Like greenhouse gases, aerosols influence the climate. (Remember, this influence is called "radiative forcing".) Atmospheric aerosols influence the transfer of energy in the atmosphere in two ways: directly through the reflection and absorption of solar radiation (in both the troposphere and stratosphere); and indirectly through modifying the optical properties and lifetimes of clouds. Estimation of aerosol radiative forcing is more complex and hence more uncertain than radiative forcing due to the well-mixed greenhouse gases for several reasons. First, both the direct and indirect radiative effect of aerosol particles are strongly dependent on the particle size and chemical composition and cannot be related to mass source strengths in a simple manner. Second, the indirect radiative effects of aerosols depend on complex processes involving aerosol particles and the seeding and growth of cloud droplets. Third, most aerosols have short lifetimes (days to weeks) and therefore their geographical distribution is highly variable and strongly related to their sources.

Direct radiative forcing

Aerosol particles in the 0.1 to 1.0 micron diameter range are best at disturbing incoming solar radiation due to the similarity of particle size and sunlight wavelength. Sulphate aerosols and organic matter are most effective at scattering and absorbing the short-wave solar radiation, with the effect of negative radiative forcing on the global climate. This negative radiative forcing can cause climate cooling. The negative radiative forcing due to the formation of sulphur aerosols in the stratosphere as a result of volcanic pollution is well known. The volcanic pollution results in a substantial reduction in the direct solar beam, largely through scattering by the highly reflective sulphuric acid aerosols. Overall, there is a net reduction of 5 to 10% in energy received at the Earth's surface. An individual eruption may cause a global cooling of up to 0.3oC, with the effects lasting 1 to 2 years. The major man-made component of aerosol radiative forcing includes sulphates produced from sulphur dioxide released during fossil fuel combustion and from organics released by biomass burning. Estimations of global negative forcing associated with man-made aerosols are based on computer modelling studies. These show that the global cooling effect of man-made aerosols could offset the warming effect of increased greenhouse gas concentrations by as much as 30%. The regionality of aerosol radiative forcing however, due to localised emission sources and the short lifetimes of tropospheric sulphate aerosols, makes calculation of a global average difficult.

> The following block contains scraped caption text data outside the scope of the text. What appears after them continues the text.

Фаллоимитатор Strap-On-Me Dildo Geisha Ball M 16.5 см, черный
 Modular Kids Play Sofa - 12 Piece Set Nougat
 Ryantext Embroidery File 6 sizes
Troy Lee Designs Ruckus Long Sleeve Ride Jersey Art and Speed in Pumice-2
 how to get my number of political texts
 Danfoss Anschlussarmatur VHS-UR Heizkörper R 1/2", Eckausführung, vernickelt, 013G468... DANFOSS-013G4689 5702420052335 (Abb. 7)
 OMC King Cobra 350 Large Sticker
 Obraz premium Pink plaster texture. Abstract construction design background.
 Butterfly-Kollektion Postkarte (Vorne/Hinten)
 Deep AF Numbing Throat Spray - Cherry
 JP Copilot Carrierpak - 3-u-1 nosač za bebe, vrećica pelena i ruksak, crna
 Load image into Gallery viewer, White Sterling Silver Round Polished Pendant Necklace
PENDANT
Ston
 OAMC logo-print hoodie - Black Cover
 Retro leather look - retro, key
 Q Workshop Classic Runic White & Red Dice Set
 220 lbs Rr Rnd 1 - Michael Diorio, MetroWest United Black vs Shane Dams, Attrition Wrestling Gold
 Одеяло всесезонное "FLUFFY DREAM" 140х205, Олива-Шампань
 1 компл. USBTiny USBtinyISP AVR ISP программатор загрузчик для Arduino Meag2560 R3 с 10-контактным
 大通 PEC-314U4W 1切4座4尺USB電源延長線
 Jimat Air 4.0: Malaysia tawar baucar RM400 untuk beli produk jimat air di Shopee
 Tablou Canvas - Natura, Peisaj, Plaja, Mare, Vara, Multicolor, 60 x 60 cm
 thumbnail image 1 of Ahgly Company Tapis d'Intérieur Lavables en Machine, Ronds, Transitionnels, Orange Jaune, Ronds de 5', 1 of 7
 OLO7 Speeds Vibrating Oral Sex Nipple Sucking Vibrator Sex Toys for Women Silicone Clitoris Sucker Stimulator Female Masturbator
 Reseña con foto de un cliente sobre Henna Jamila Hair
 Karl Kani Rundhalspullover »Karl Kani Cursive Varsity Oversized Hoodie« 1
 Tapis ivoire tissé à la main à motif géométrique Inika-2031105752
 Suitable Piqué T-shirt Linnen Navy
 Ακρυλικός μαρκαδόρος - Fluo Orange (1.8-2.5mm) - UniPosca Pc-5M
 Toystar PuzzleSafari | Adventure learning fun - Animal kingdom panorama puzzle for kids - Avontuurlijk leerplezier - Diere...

Annual global aerosol radiative forcing

Indirect Radiative Forcing

The global energy balance is sensitive to cloud reflectivity. Cloud reflectivity is itself sensitive to changes in the cloud droplet number concentration. This droplet number depends, in a complex manner, on the concentration of cloud condensation nuclei (CCN), which, in turn, depends on aerosol concentration. Through this indirect effect, the negative radiative forcing caused by man-made aerosol emissions might be further increased. Despite uncertainties, indirect negative radiative forcing is believed to be comparable to the direct forcing.

Conclusion

Although making up only 1 part in a billion of the mass of the atmosphere, aerosols have the potential to significantly influence the amount of short-wave solar radiation arriving at the Earth’s surface. Aerosols in the atmosphere introduce a negative radiative forcing mechanism by scattering some of the incoming solar short-wave radiation. This is clearly demonstrated in the aftermath of a volcanic eruption. The recent increase in man-made aerosol emissions has partially offset some of the increase in greenhouse gas radiative forcing due to the elevated concentrations of greenhouse gases. This may slow the rate of projected global warming during the next century.